We propose a novel multi-stage trans-dimensional architecture for multi-view cardiac image segmentation. Our method exploits the relationship between long-axis (2D) and short-axis (3D) magnetic resonance (MR) images to perform a sequential 3D-to-2D-to-3D segmentation, segmenting the long-axis and short-axis images. In the first stage, 3D segmentation is performed using the short-axis image, and the prediction is transformed to the long-axis view and used as a segmentation prior in the next stage. In the second step, the heart region is localized and cropped around the segmentation prior using a Heart Localization and Cropping (HLC) module, focusing the subsequent model on the heart region of the image, where a 2D segmentation is performed. Similarly, we transform the long-axis prediction to the short-axis view, localize and crop the heart region and again perform a 3D segmentation to refine the initial short-axis segmentation. We evaluate our proposed method on the Multi-Disease, Multi-View & Multi-Center Right Ventricular Segmentation in Cardiac MRI (M&Ms-2) dataset, where our method outperforms state-of-the-art methods in segmenting cardiac regions of interest in both short-axis and long-axis images. The pre-trained models, source code, and implementation details will be publicly available.

Figures (6)

• Figure 1: Overview of other related methods and our proposed pipeline. The proposed framework (d) segments $I_{SA}$ using TriggerNet to produce $S_{SA1}$. It then generates $S_{LA}$ using LA-SegNet and refines $S_{SA2}$ using SA-SegNet, along with relevant segmentation prior and image. Compared to (a), (b), and (c), our method (d) performs a two-way transformation (LA2SA and SA2LA) along with the utilisation of transformed maps as guidance for the HLC module.
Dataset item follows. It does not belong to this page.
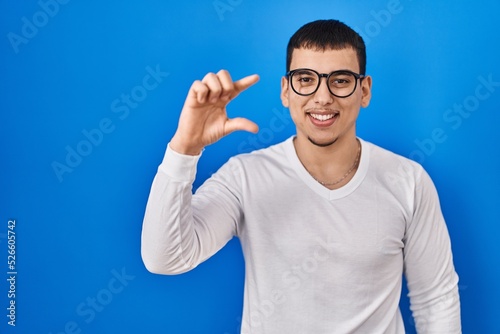 Young arab man wearing casual white shirt and glasses smiling and confident gesturing with hand doing small size sign with fingers looking and the camera. measure concept.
• Figure 2: Comparison of segmentation network complexities regarding the number of parameters and Multiply-Accumulate (MAC) operations with and without using the HLC module. (a) SA-SegNet without HLC Module (TriggerNet), and (Depth, Height, Width = 64,192,192), (b) SA-SegNet With HLC Module (SA-SegNet) and (Depth, Height, Width = 112,128,112), (c) LA-SegNet without HLC Module and (Height, Width = 384,384), and (d) LA-SegNet with HLC Module and (Height, Width = 128,128).
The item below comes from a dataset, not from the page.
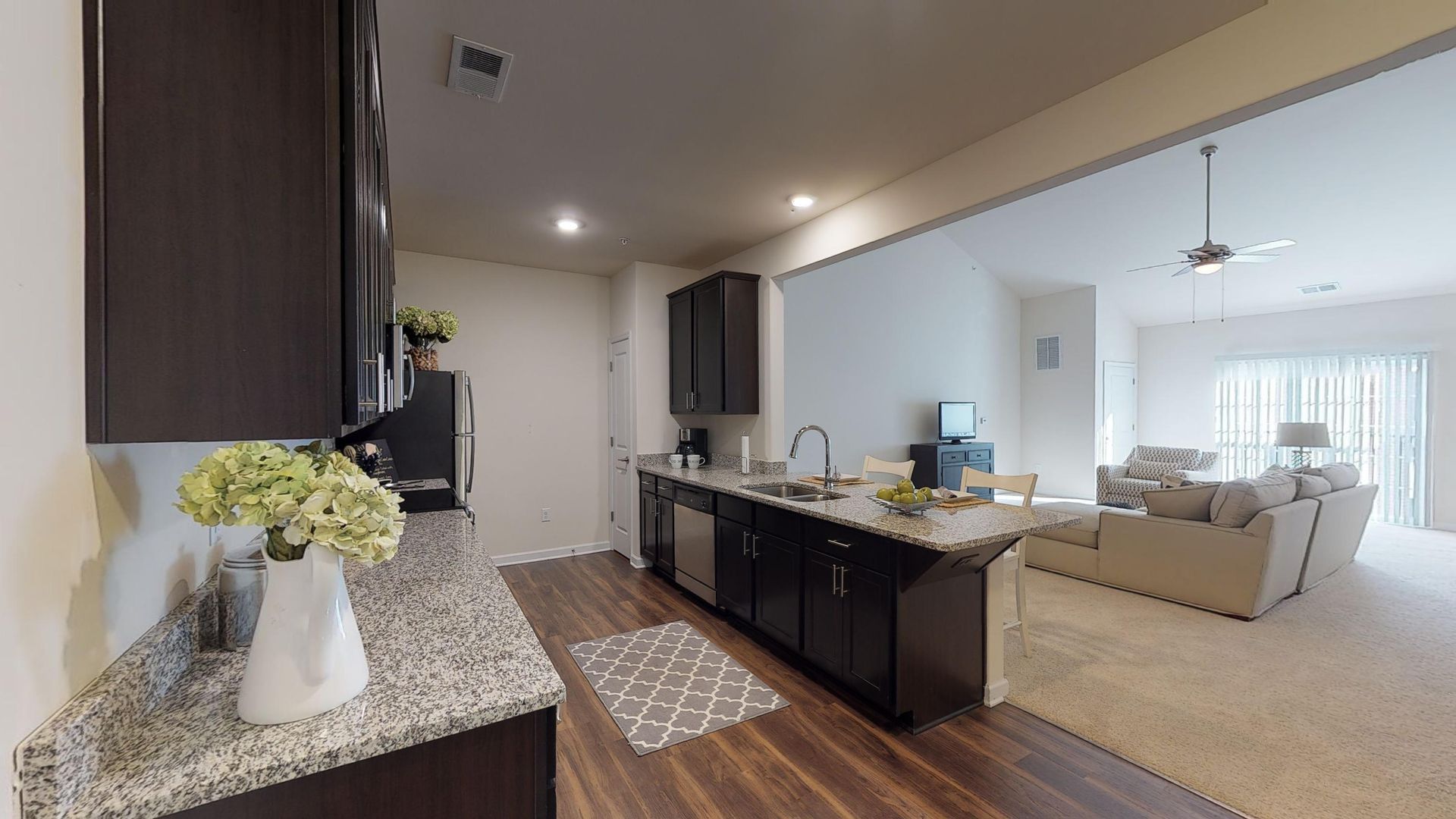 A kitchen with granite counter tops and stainless steel appliances is open to a living room.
• Figure 3: Proposed Heart Localization and Cropping (HLC) module. The heart region is localized and cropped in both intensity and label images.
• Figure 4: Comparison of visual results under different settings for LA segmentation. From the left, the first column is the baseline results, and the second and third columns utilize HLC module and segmentation priors, respectively. The fourth column is the best results using both. The fifth column represents the SA2LAmap.
• Figure 5: Comparison of visual results under different settings for SA segmentation. From the left, the first column is the baseline results, and the second utilizes the HLC module and $S_{SA1}$ as segmentation priors. The third column shows the best results using both segmentation priors. The fourth column represents the LA2SAmap.